• Exercise: Write out the listing below in its entirety, minus the pictures, without changing a word.

Dataset section START

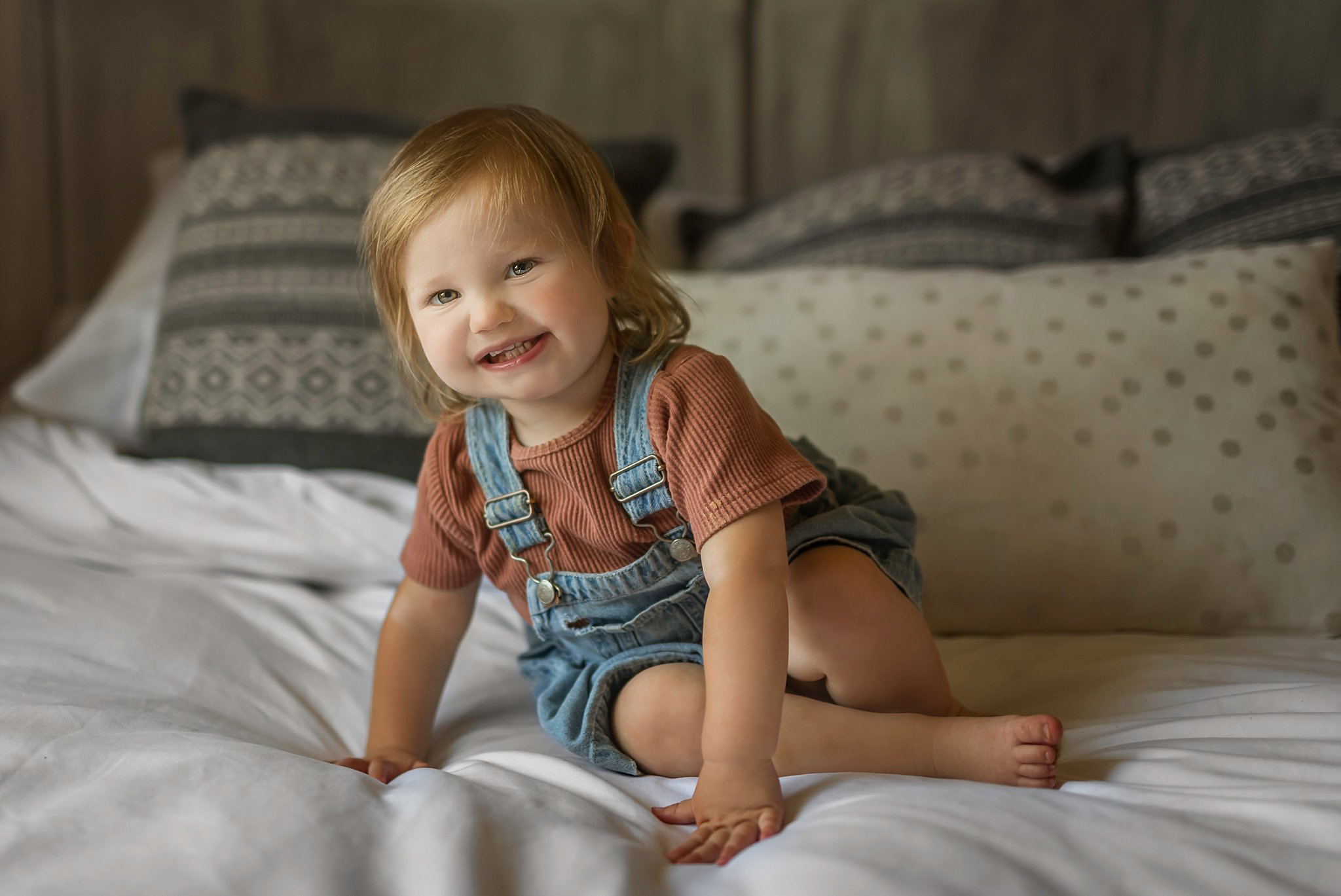 Little girl smiling on a bed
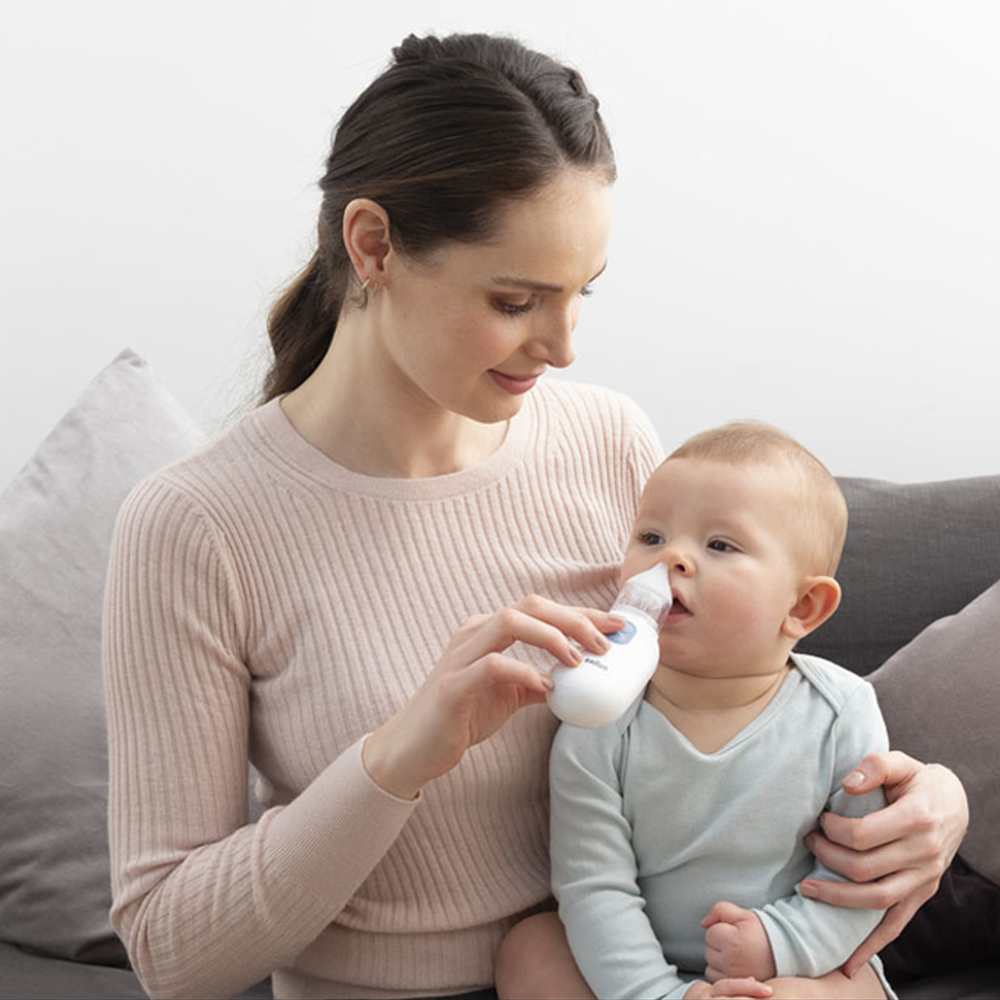 Una madre usa delicatamente un aspiratore nasale sul suo bambino su un divano grigio.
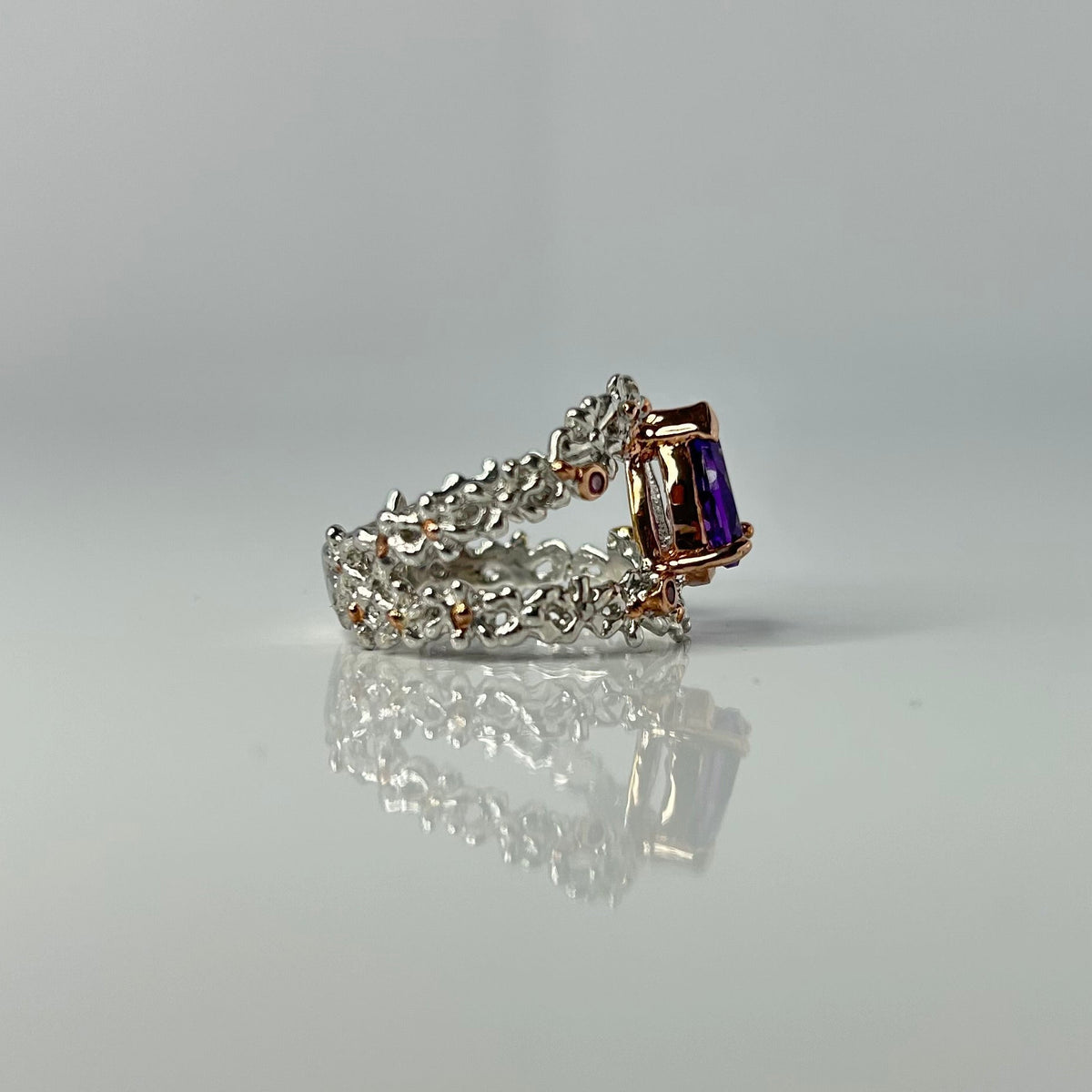 Silver ring with a purple teardrop amethyst gemstone on a light gray background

Dataset section END

• The completed task:
 Little girl smiling on a bed
 Una madre usa delicatamente un aspiratore nasale sul suo bambino su un divano grigio.
 Silver ring with a purple teardrop amethyst gemstone on a light gray background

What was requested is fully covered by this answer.